■ **ASSIGNED TASK**: After locating the line that contains "TIFFANY&Co. Open heart" in the material below, copy that line and each one following it, exactly, up to the last line. Pictures stay out.

■ **AVAILABLE DATA**:

----------------------------------------

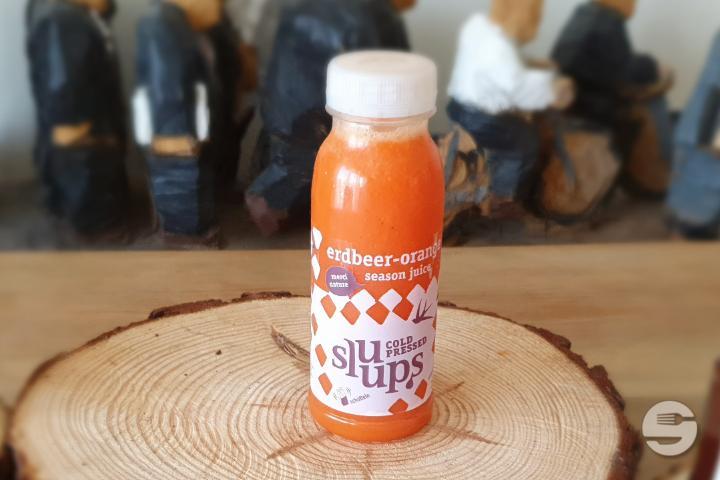 Strawberry Orange Juice | Sluups | 250ml - Confiserie Baumann
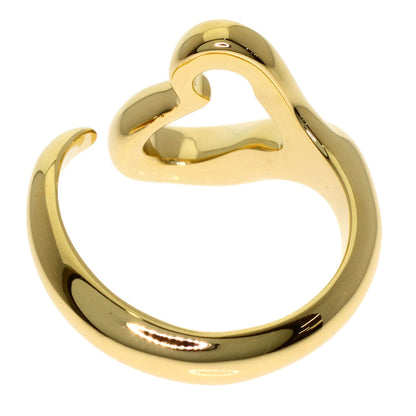TIFFANY&Co. Open heart Ring K18 Yellow Gold Ladies [Used]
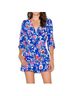 Yumi Kim 100% Polyester Floral Blue Romper Size S - photo 1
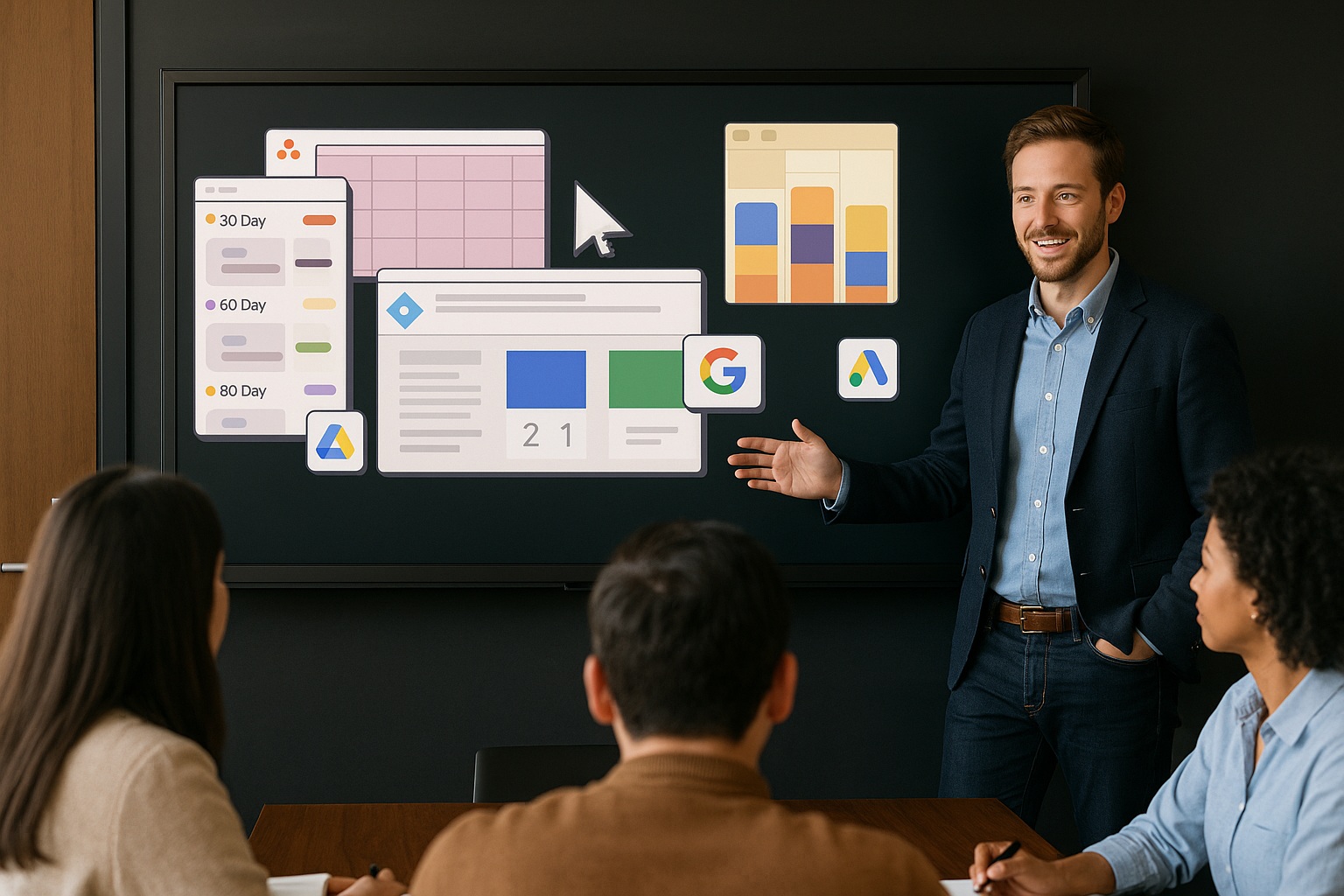 Digital transformation background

----------------------------------------

■ **RESPONSE AREA**:
TIFFANY&Co. Open heart Ring K18 Yellow Gold Ladies [Used]
 Yumi Kim 100% Polyester Floral Blue Romper Size S - photo 1
 Digital transformation background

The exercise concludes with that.